WHEREAS, on November 13, 2001, the President issued a Military Order, which, among other things, provides that non-citizens of the United States whom the President deems to be, or to have been, members of the al Qaida organization or to have engaged in, aided or abetted, or conspired to commit acts of international terrorism against the United States or its citizens or to have knowingly harbored such individuals, are subject to detention by military authorities and trial before a military commission; and

WHEREAS, the American Bar Association has appointed a Task Force on Terrorism and the Law, which on January 4, 2002, issued a Report and Recommendations on Military Commissions; and

WHEREAS, the Philadelphia Bar Association recognizes the need to respond effectively to the events of September 11, 2001, and the risks to the United States and its citizens posed by international terrorism, but believes it essential that the procedures for military commissions should assure, as the President directed in his Military Order, that all accused persons be afforded a "full and fair trial."

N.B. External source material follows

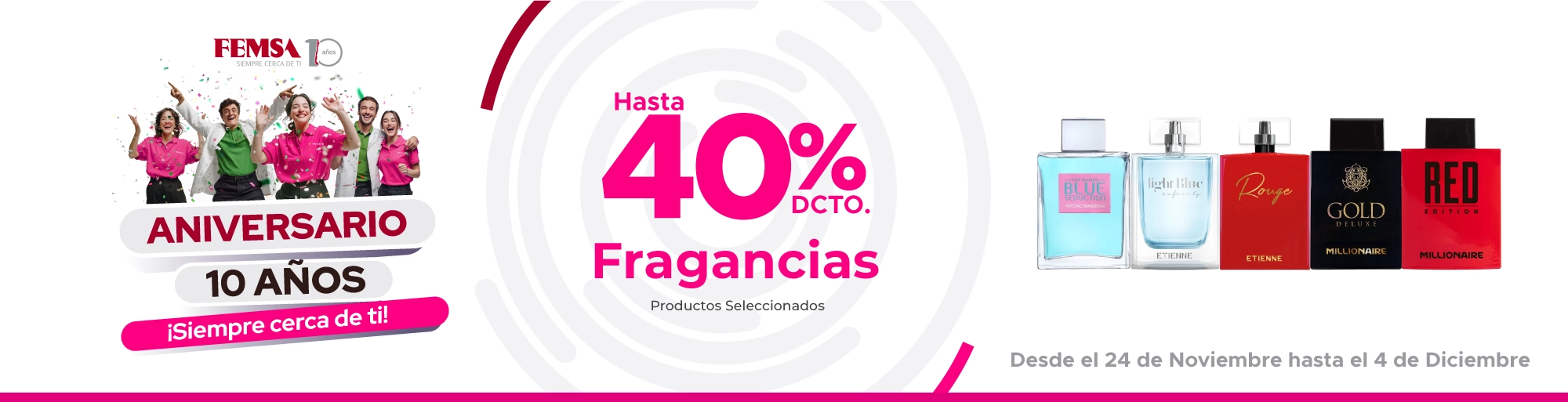 Aniversario Femsa Fragancias Maicao Siempre Cerca de Ti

NOW, THEREFORE, BE IT RESOLVED that the Philadelphia Bar Association endorses all the recommendations of the ABA Task Force, including, without limitation, adoption of "appropriate principles of law and rules of procedures and evidence prescribed for courts-martial" (Manual for Courts-Martial, Preamble, Paragraph 2(b)(2) ) and procedures to conform with Article 14 of the International Covenant on Civil and Political Rights, which provides for an independent and impartial tribunal, with proceedings open to the press and public, except for specific and compelling reasons, and the following rights for the accused: the presumption of innocence; prompt notice of charges, and adequate time and facilities to prepare a defense; trial without undue delay; to be present, and to be represented by counsel of choice; to examine, or have examined, the witnesses against him and to obtain the attendance of witnesses in his behalf under the same conditions as the witnesses against him; to the free assistance of an interpreter; not be compelled to testify against himself or to confess guilt; and the review of any conviction and sentence by a higher tribunal; and

BE IT FURTHER RESOLVED, that the Philadelphia Bar Association specifically supports the additional recommendation of the ABA Task Force that any person subject to detention or trial by a military commission in the United States should be permitted to seek habeas corpus relief in United States court; trial observers, if available, who have appropriate security clearance should be permitted to attend the proceedings of military commissions; and no sentence of death should be permitted on less than a unanimous vote of all the members of a military commission; and

BE IT FURTHER RESOLVED, that the Philadelphia Bar Association authorizes the Chancellor to take all necessary steps to publicize the Association's position as reflected in this Resolution and to inform the President, the Secretary of Defense and other officials of the importance of establishing rules and procedures for military commissions that incorporate these fundamental elements of a full and fair trial.